Some spectacular vistas.


Cannibalized WW2 bombers in an un-subtle but still powerful visual statement about Japan's post-war perspective.


Now, we haven't watched or reviewed a Miyazaki film in a long time, but the fact remains: you've seen one, you've seen them all. But that only means he's an anime auteur - every single film, while resembling the others in its environmentalism, feminism, ambiguity, mysticism and obsession with flight, is an enchanting, mesmerizing variation. The fantastic imagery is so palpably strange and beautiful! Here, we get glimpses into bizarre underworlds of petrified forests crumbling into sand, or rolling hills of undulating grasses. It's absolutely gorgeous!

Apart from being a visual treat, the music is similarly evocative (and sometimes even amusing). Heavy on 1980s synthesizer, it often sounds like a Ray Manzarek solo, though there are moments of such gut-wrenching, operatic emotion - when we arrive at the ruined kingdom of Pegite, for example - that you feel your heart beating in your throat. Yay!


That's Adama on the left, Captain Picard on the right.
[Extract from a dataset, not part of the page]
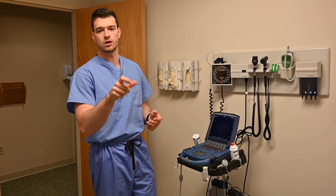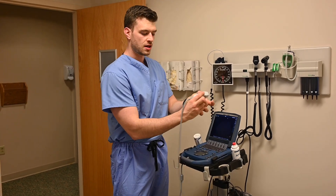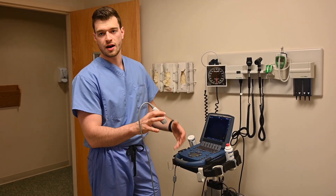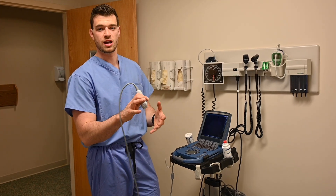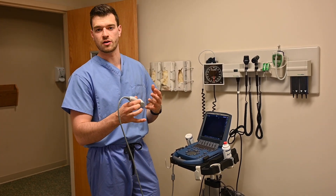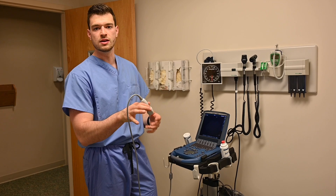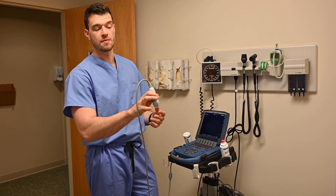That's the basics of a FAST exam — technically an E-FAST exam when you include the lungs. Big thank you to Stephanie for agreeing to be our model. The big tips to take home: hold the probe like a pencil and rest your hand on the patient for stability. Getting a book and learning the images is really important, but also learn how to make fine movements. Most people who start ultrasound get frustrated because they're moving way too quickly. As you saw, it's very fine movements — anything quick is because you already know what you're looking for. Thanks for watching — like, comment, and subscribe.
Nausicaa: when not rescuing attractive, stranded Greeks, she's rescuing THE PLANET.


We enjoyed this movie very much and are considering it one of our favorites from Miyazaki's Studio Ghibli. The narrative storms forward with a compelling urgency that is sometimes lacking in Spirited Away or Castle in the Sky; yet we still find time to maintain that air of reflective meditation that characterizes all of his films. The voice acting is fine - Shia LeBeouf's being particularly distracting, but also heartbreakingly earnest - and there was a special pleasure in hearing Adama's voice complain about those crappy Tolmekian ships. Nothin' like the Bucket, eh!? Another enjoyable character was the smug, cartoonish Kurotowa (voiced by Chris Sarandon), who described himself as an "old, lazy soldier" and resembled an aging Lupin (the thief, not the sensitive werewolf) and provided some of the few genuine moments of comic relief.
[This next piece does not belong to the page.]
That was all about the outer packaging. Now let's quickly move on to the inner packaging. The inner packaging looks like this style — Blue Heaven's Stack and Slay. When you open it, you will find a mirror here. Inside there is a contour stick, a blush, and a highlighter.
The film's urgency also extends to the meta level - apart from the obvious environmentalism, the film is a plea for nuclear disarmament. The giant warriors resemble Godzilla in their vibe of post-nuclear mutant beasts, and Nausicaa makes constant demands for the Tolmekian and Pejite communities to lay down their weapons, once and for all. It shows how war ultimately scars the Earth, perhaps irredeemably, and the message is particularly harrowing in a post-Trinity world with very few Nausicaas indeed.